[Input]
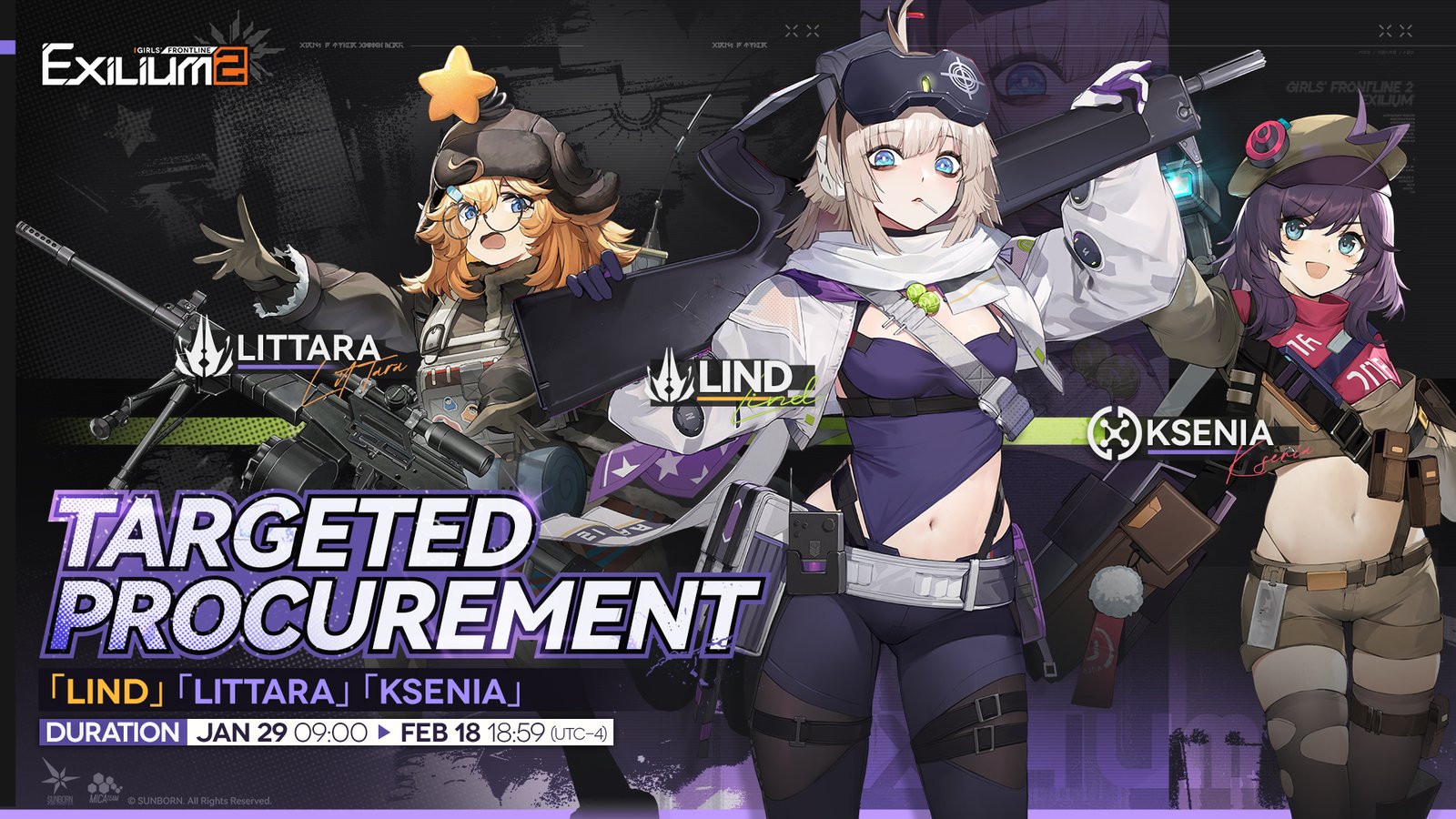 The Lind, Littara, and Ksenia targeted procurement rerun banner from the Sakura GFL2 guide.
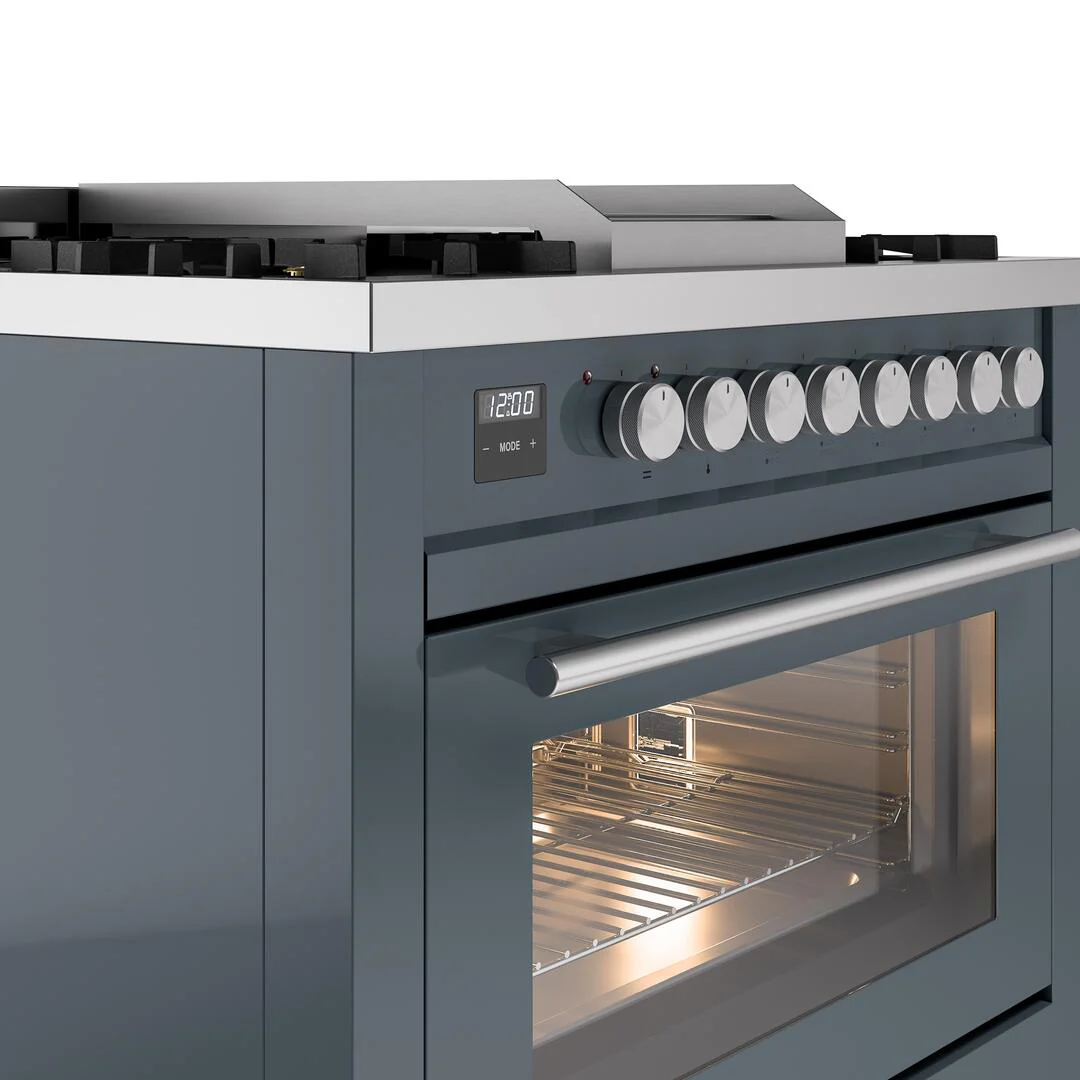 Ilve UP36FWMPBG Professional Plus Ii 36 Inch Dual Fuel Natural Gas Freestanding Range In Blue Grey With Trim - Image 5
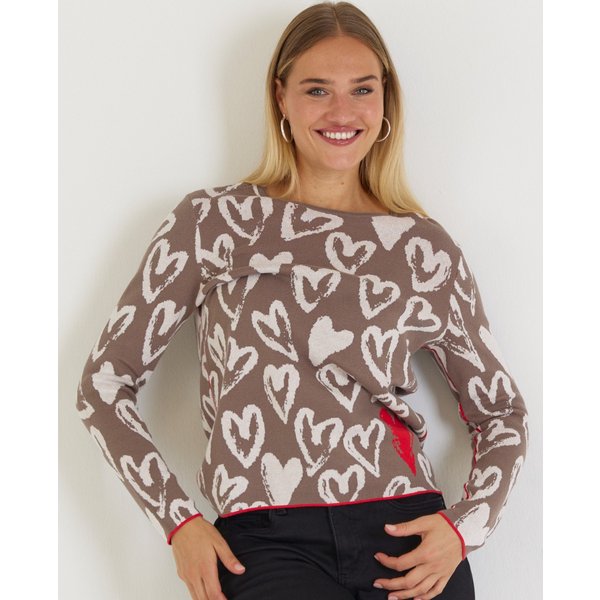 Baumwollpullover in Taupe mit Herzen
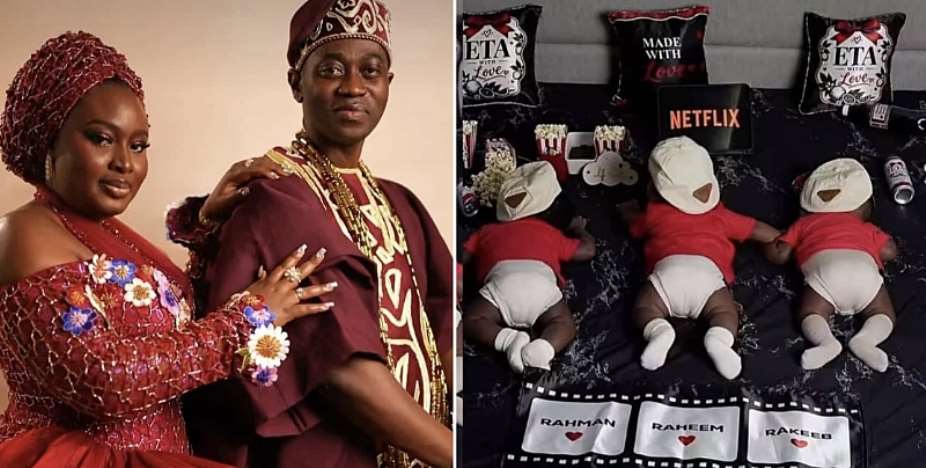 Lateef Adedimeji And Mo Bimpe Celebrate Triplets At 4 Months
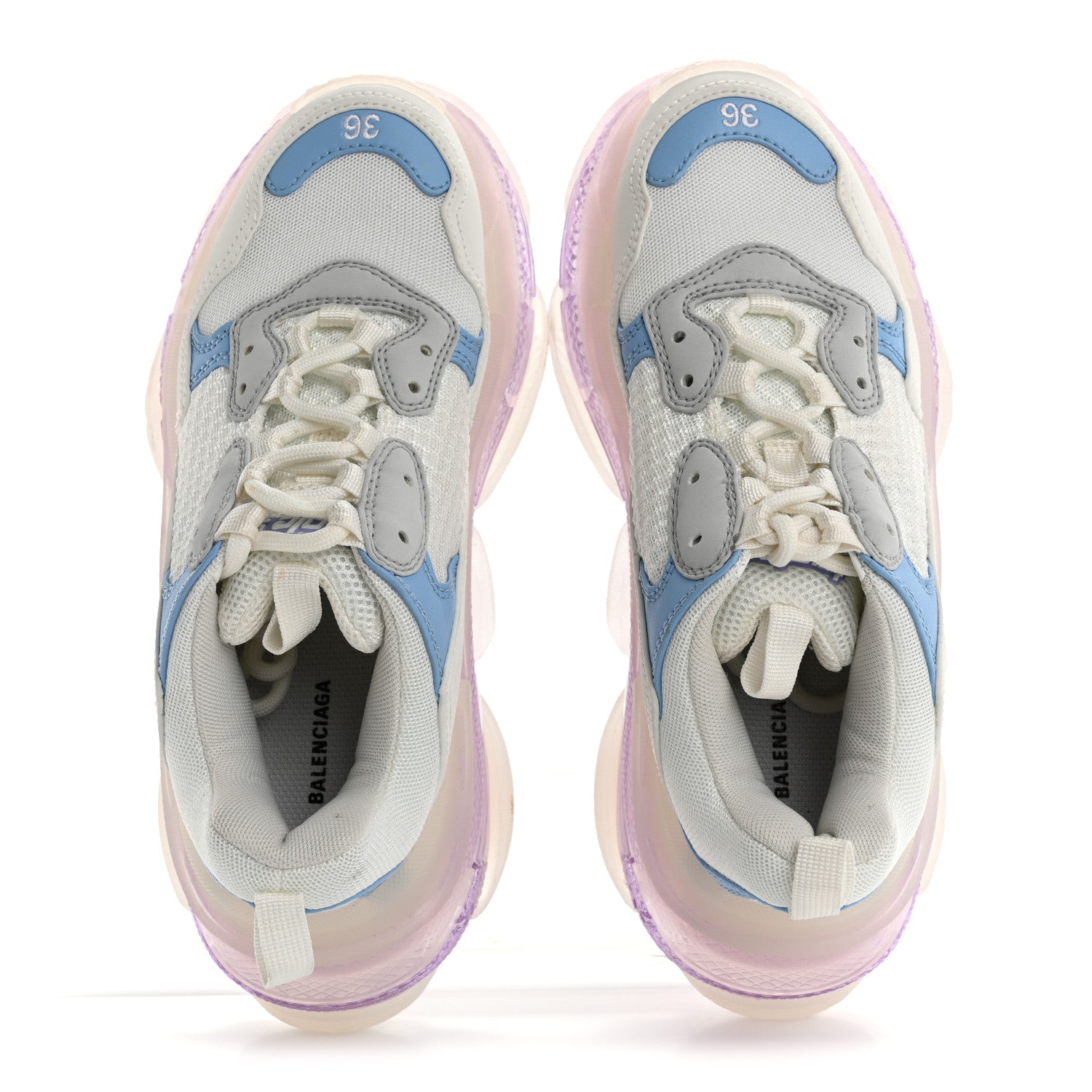 Balenciaga Fabric Mesh Clear Sole Womens Triple S Sneakers 36 Light Blue Grey Lilac White 2 of 12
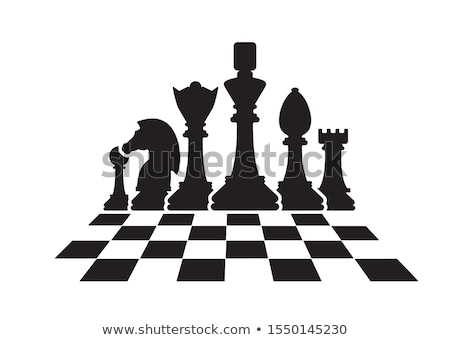 Foto stock: Chessmen Black And White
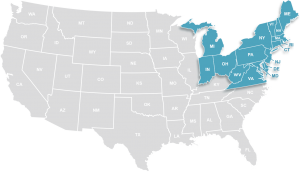 northeast US territory map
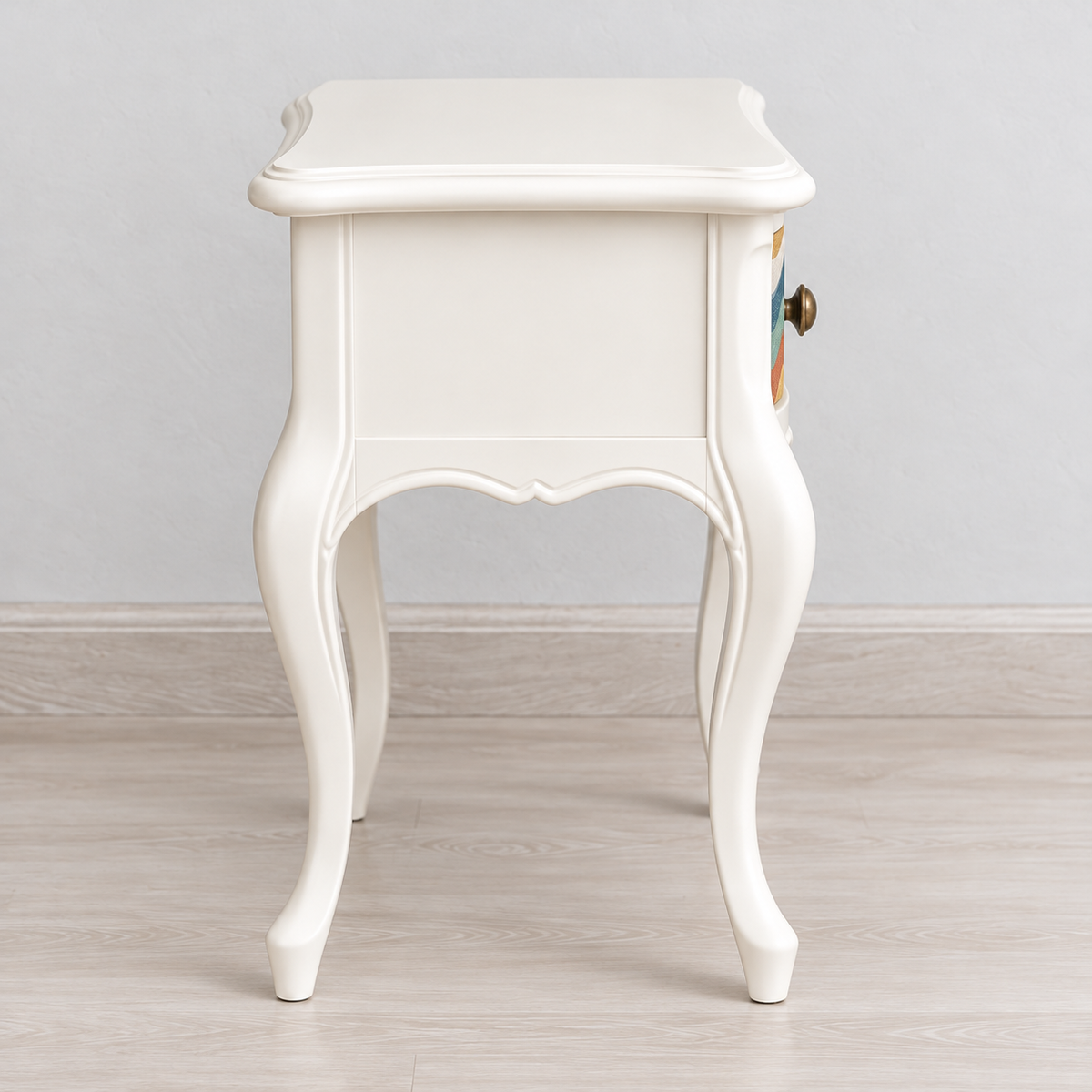 Vintage Curved Leg Nightstand with Patterned Drawer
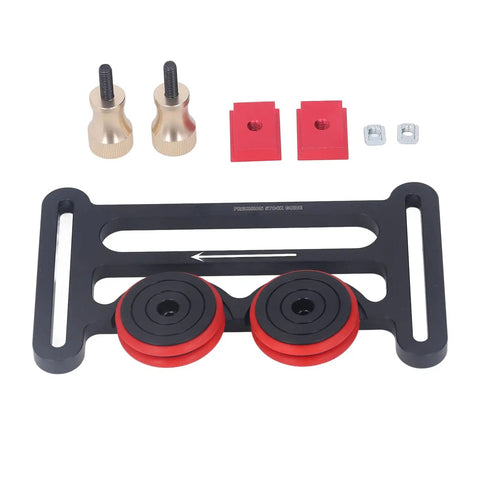 Rock Solid Double Wheel Bearing Locator Boards For Table Saw Featuring Grippy Rubber Rollers And Precision Sliding Plates for precise wood feeding.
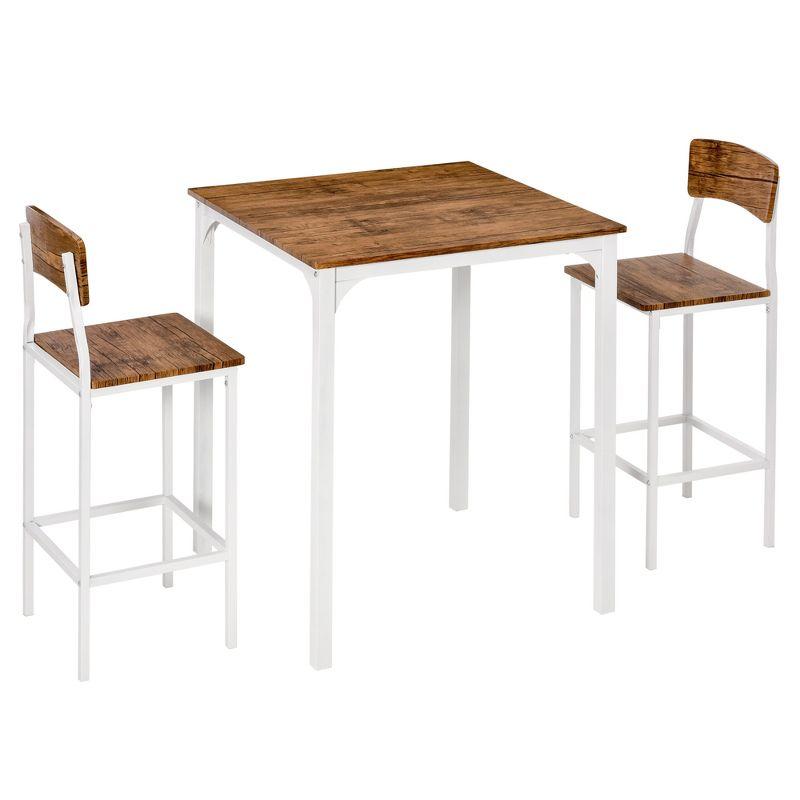 HOMCOM 3 Piece Bar Table and Chairs Set, Industrial Small Dining Table Set for 2, Square Kitchen Table and Stools, Walnut and White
[/Input]
> **Prompt**: Every line above is to be written out unchanged, with the pictures omitted.

> **Solution for this exercise**:
 The Lind, Littara, and Ksenia targeted procurement rerun banner from the Sakura GFL2 guide.
 Ilve UP36FWMPBG Professional Plus Ii 36 Inch Dual Fuel Natural Gas Freestanding Range In Blue Grey With Trim - Image 5
 Baumwollpullover in Taupe mit Herzen
 Lateef Adedimeji And Mo Bimpe Celebrate Triplets At 4 Months
 Balenciaga Fabric Mesh Clear Sole Womens Triple S Sneakers 36 Light Blue Grey Lilac White 2 of 12
 Foto stock: Chessmen Black And White
 northeast US territory map
 Vintage Curved Leg Nightstand with Patterned Drawer
 Rock Solid Double Wheel Bearing Locator Boards For Table Saw Featuring Grippy Rubber Rollers And Precision Sliding Plates for precise wood feeding.
 HOMCOM 3 Piece Bar Table and Chairs Set, Industrial Small Dining Table Set for 2, Square Kitchen Table and Stools, Walnut and White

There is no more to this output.